*** INFORMATION SHOWN ***
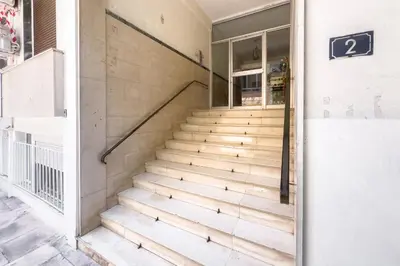 a set of stairs outside of a building at Casa Bianca in Pagrati in Athens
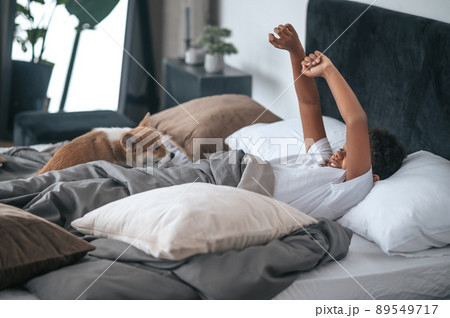 A boy laying in bed and a dog together with him A boy laying in bed and a dog together with him 89549717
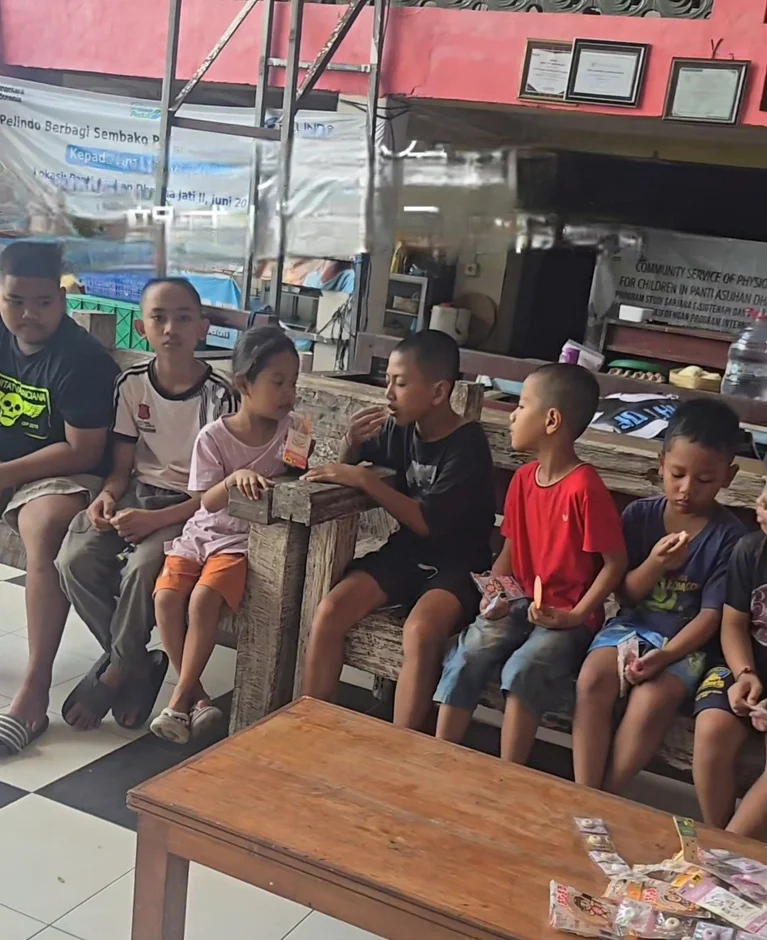 孤児院らしき場所で子供たちが木製のベンチに座り、お菓子を食べている様子。背景には社会奉仕活動に関するバナーが見える。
*** End of INFORMATION SHOWN ***
PROBLEM REQUIREMENTS:
The data above needs to be retyped exactly, with the images left out.

WRITTEN REPLY:
 a set of stairs outside of a building at Casa Bianca in Pagrati in Athens
 A boy laying in bed and a dog together with him A boy laying in bed and a dog together with him 89549717
 孤児院らしき場所で子供たちが木製のベンチに座り、お菓子を食べている様子。背景には社会奉仕活動に関するバナーが見える。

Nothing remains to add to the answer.